Sumer is icumen in… Yes, summer’s on its way, and with it gazpacho season. This flavor-packed chilled soup, which arrived in France from Spain, has many variants — including in spelling and pronunciation. The standard ingredients are tomatoes, cucumber, green pepper, garlic, dried bread, olive oil, vinegar, salt and pepper. My brother’s very excellent Californian version also includes spices: cumin, cinnamon and cayenne.
Gaspacho / Gazpacho
Of course it’s best to wait for red, ripe tomatoes before embarking on gazpacho. They’re already on the market here in Paris, imported from Italy and Spain. And we’ve been having a heat wave. So I made some the other day — very simple, providing you have a blender — and my lunch guests couldn’t have been more delighted. As garnish I added small cubes of cuke, tomato and pepper, along with little croutons and a swirl of balsamic.
I was curious, however, to know why ‘gazpacho’ is spelled ‘gaspacho’ in French. According to Le Grand Larousse Gastronomique, the dish originated in Seville, the capital of Andalusia (spelled Andalucia in Spanish, Andalousie in French).

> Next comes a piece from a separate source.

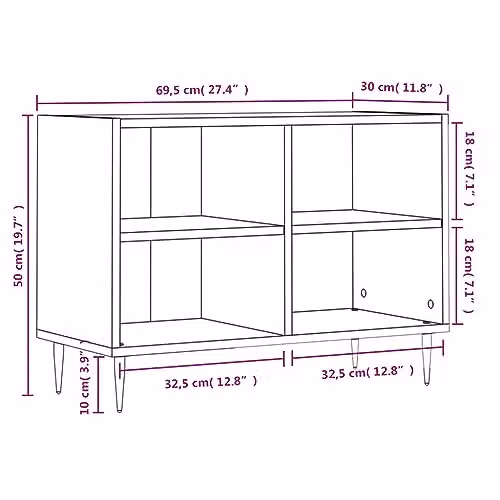 vidaXL TV Cabinet in Concrete Grey, W/D/H: 69.5 x 30 x 50 cm – 2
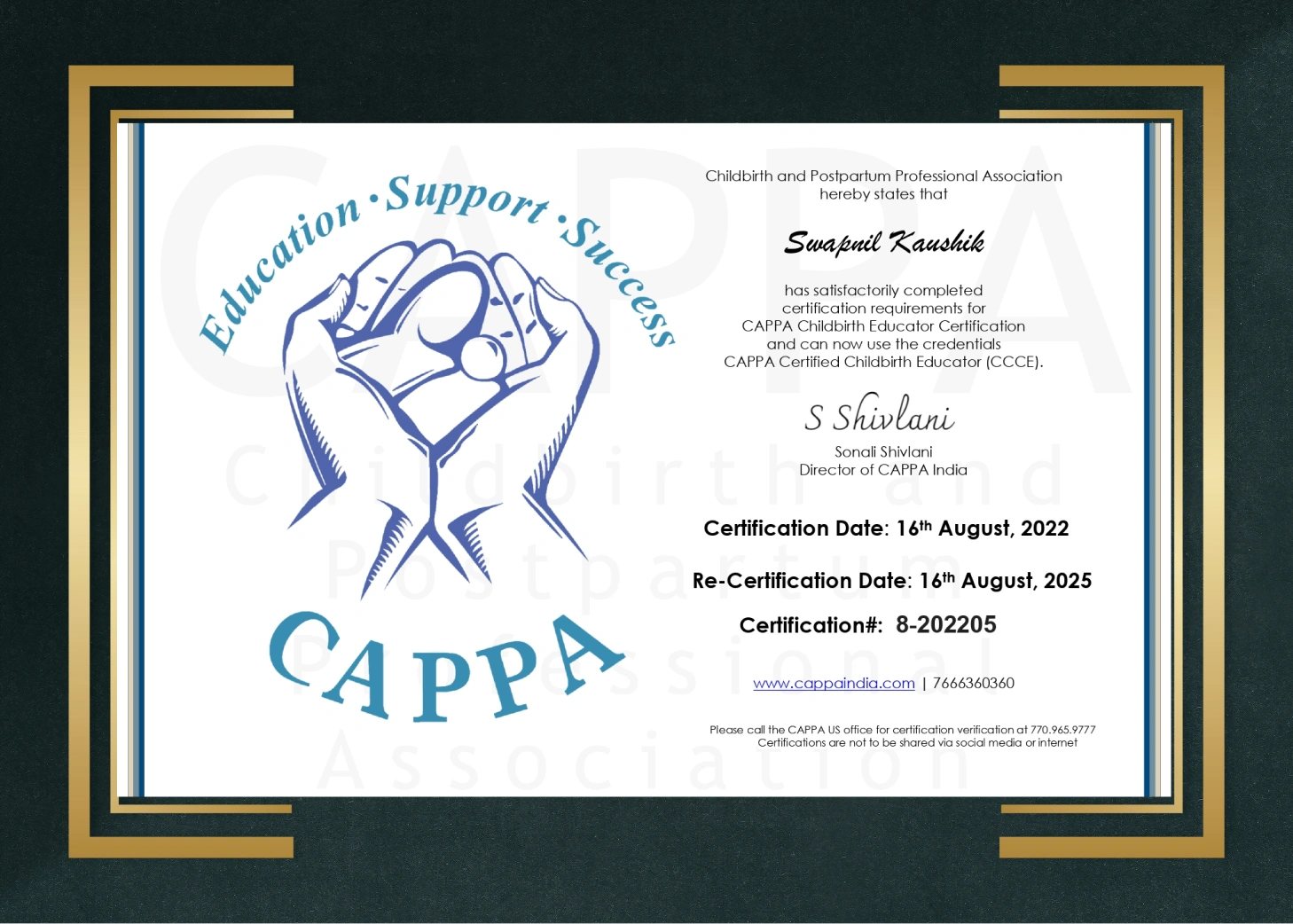 CAPPA certificate awarded to Swapnil Kaushik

In most countries it retains the Spanish spelling, with a ‘z’, but in Spain this ‘z’ is not pronounced as a ‘z’. ‘Gazpacho’ is spoken, lispingly, as gath-PA-cho in most of Spain, and as gass-PA-cho in the south, including Seville. In France it retains the ‘s’ sound.
Research into the French spelling turned up nothing conclusive, so I will offer an explanation: a ‘z’ would change the pronunciation. The French word for natural gas, for example, is ‘gaz’, pronounced GAHZ. To retain the ‘s’ sound, the French had to change the spelling when the soup crossed the Pyrenees. This being France, the soup is of course pronounced differently anyway, with the accent on the last syllable: gass-pa-CHO.
From a cook’s point of view, this is all academic. What matters is the sublime mixture of flavors in this soup, which has been adapted to culinary styles around the world. I first made gazpacho when working as a substitute chef at Moosewood, an American pioneer in healthy natural cuisine. This was in the ’70s in Ithaca, New York, and gazpacho was already part of the American culinary repertoire.
Upon moving to Paris, I was delighted to find that gazpacho was popular here, too. French recipes tend to stick close to the Spanish original, as does the one in this post.
I first tasted my brother’s version a few summers back when we visited the California ranch of friends of his. It was a sunny, hot, lazy day, my daughter and I were in the pool, Bruce disappeared into the kitchen and emerged with beautiful soup — spicy and topped with avocado bits. I’ve included his version in the recipe.
Bruce is also responsible for me starting this post with a phrase from a medieval English round known as the ‘Cuckoo Song’. When very young, he made a water painting of a singing cuckoo with that phrase across the top. It was so lovely that my mother framed and hung it. Little did she know that her number one son would grow up to be an artist.
So with summer a-comin’ in, and the cuckoo starting to sing (and with my apologies for the mixed metaphor), go gather ye tomatoes while ye may, for gazpacho season is upon us.
Happy cooking.
I make Gazpacho 2-3 times a MONTH in summer. I can practically live on it. In South Carolina it can easily top 100 degrees (Fahrenheit) and have the absolute best homegrown tomatoes! “Big Boy, Better Boy, heirlooms, etc.
I prefer the classic. The trick is consistent thickness and salmon color, achieved by the acid of tomatoes & olive oil(slowly drizzled during blending/processing). I use a processor (to get the smoothness)for 3/4ths then the last 1/4 I leave relatively chunky.
Sometimes I’ll add a few Spanish olives to the smooth part.
Roderick, many thanks for sharing your tips! I love that you make your gaspacho with homegrown tomatoes. Here in Paris I have a cherry tomato plant growing on the balcony, but even in the heat we’re having this summer it doesn’t produce enough to make soup. So I’ll just say, happy gardening and happy cooking!